The BMI2 and table-based methods make up the relatively flat part of graph where compress speed is plotted against density. Except for the boolean case, which writes each output word once, they read units from the arguments and perform the same instructions on each one, so that any performance difference comes from differing write locations. Writes overlap more on the left, and the slight tilt down here is because this uses less overall bandwidth. At the left edge there are two sparse methods, a branchless sparse one that has a more gentle slope and mostly appears for 8-byte data, and a branching sparse method used for much lower densities. At the right, a grouped method, which is also branching, is used.
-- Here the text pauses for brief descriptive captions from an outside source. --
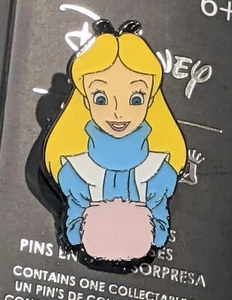 Disney Loungefly Winter Wonderland Blindbox Pin - Alice im Wunderland - geöffnet - Bild 1 von 4
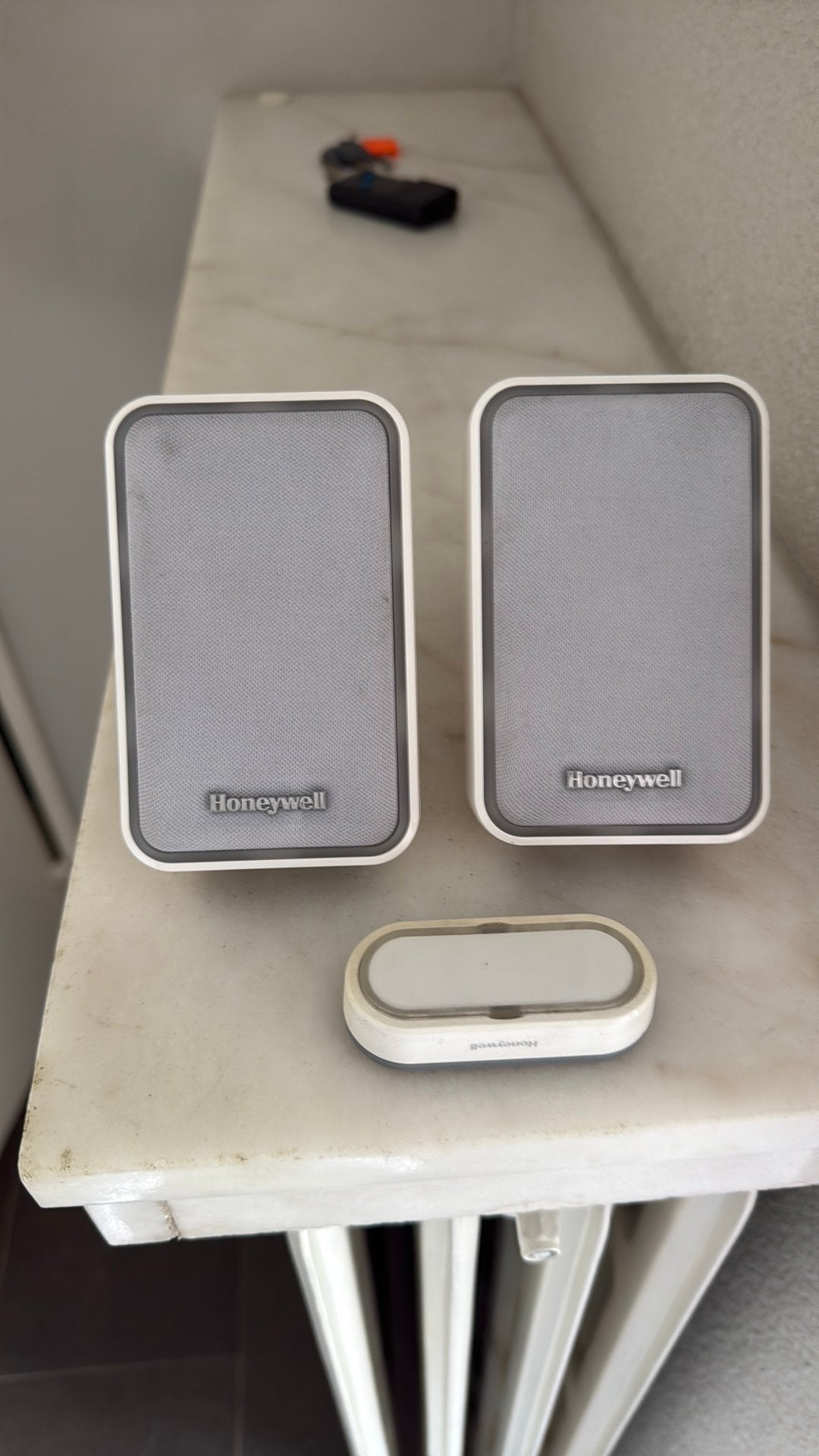 Draadloze deurbel honeywell, Informatique & Logiciels, Enlèvement, Utilisé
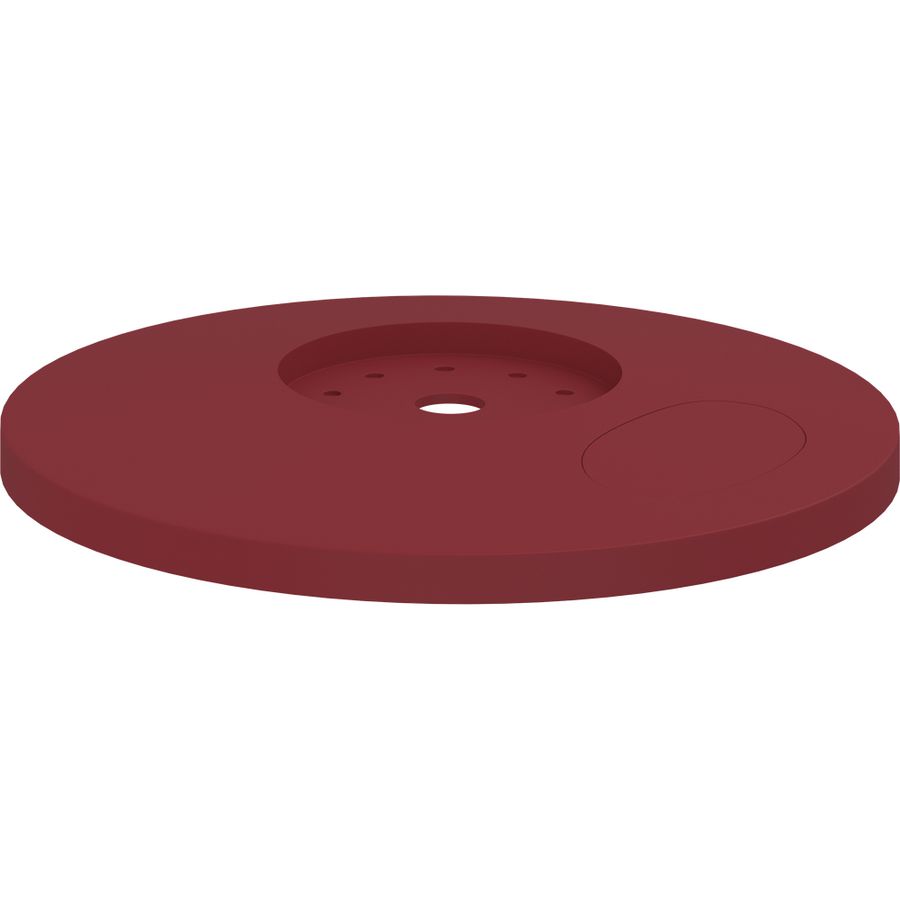 Wandconsole rood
General Replicate uses methods based on scans for smaller densities, and a simple loop for larger ones. Replicating by a constant factor uses many methods including lookup tables for permutations. For booleans, odd replication factors from 64 to 256 are somewhat worse on AVX2, roughly because propagating bits is harder when a result word doesn't have to contain any boundaries between argument bits.

The same concerns for Replicate apply to Indices, except that the output type is determined by the input length (or rather, the index of its last nonzero element), so that 1-byte and 8-byte types aren't as relevant. The grouped method from compress isn't yet used for boolean Indices.

Indices inverse

Indices inverse is somewhat related to Indices, but also to Group and Bins. The main idea is just to increment a count for each element of 𝕩, but there are various improvements. For large-range arguments, several tricks are used to keep from initializing a result with a type that's too large. Conversely, for long enough arguments of a small type, a table that fits all possible values is allocated to avoid a range-checking pass.

SIMD alternatives to incrementing are valuable because it's never very fast, and slows down with duplicates since an increment has a dependency on the previous one at the same location. One is enabled by checking the range in blocks. If it's small (10 in the graphs below), counts are computed by comparing to all possible values and summing in SIMD.

Adjacent equal elements are counted at the same time to switch to a method with SIMD run identification (like /»⊸≠𝕩) if there are many of them, giving the corners around average run length 2 and range/length 0.9 below. For sorted arguments there is also a galloping search that appears most clearly in long small-range arrays above.